I pontefici, in particolare, sentirono le conseguenze dolorose di tali premesse altezzose ed esclusivistiche, né Luigi XIV ebbe verso di essi il men che minimo riguardo, non adoperando neppure quelle forme ce di solito si chiamano ma che in sostanza non sono altro che norme della buona educazione e di un vivere civile. Per un puntiglio male inteso e volendo salvare ad ogni costo il prestigio nazionale francese, il re trascese anche a violenze personali verso gli ecclesiastici e, nella politica religiosa, esasperò le tendenze che sono dette gallicane appunto perché erano sempre state latenti in quel paese ed egli portò al massimo livello. Ma a sua parziale giustificazione bisogna riconoscere che il suo atteggiamento non fu che l’espressione più clamorosa di una condizione generale, che era comune alla politica europea di quel tempo e dell’età moderna in genere: gli Stati nazionali e le monarchie assolute applicavano anche al settore ecclesiastico i metodi di governo intesi a soffocare qualsiasi libertà, a ridurre le autonomie, a comandare arbitrariamente (assolutismo viene da ab-solu-tus, sciolto da qualsiasi vincolo, controllo, legge superiore universalmente valida).
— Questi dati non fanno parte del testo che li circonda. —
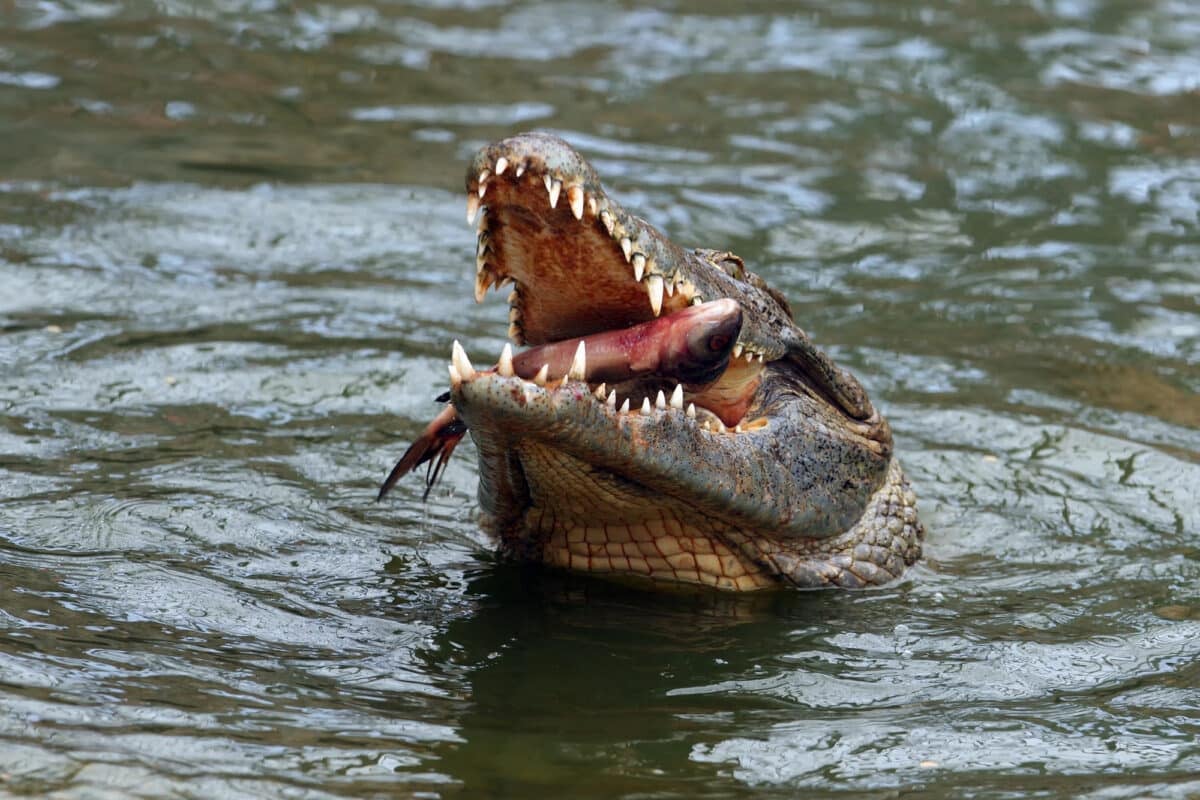 The Nile crocodile (Crocodylus niloticus) swallowing a fish above the water. A large African crocodile with prey in its open jaws.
Ogni grande potenza intendeva avere a sua disposizione la Santa Sede ed era soprattutto in occasione dei conclavi che le pressioni si facevano più pesanti; le diverse forze finivano in tal modo di elidersi e neutralizzarsi prolungando sconvenientemente quelle riunioni, perché le fazioni sostenevano a spada tratta i loro candidati senza curarsi degli interessi della Chiesa, dell’aspettazione popolare, del buon nome sacerdotale.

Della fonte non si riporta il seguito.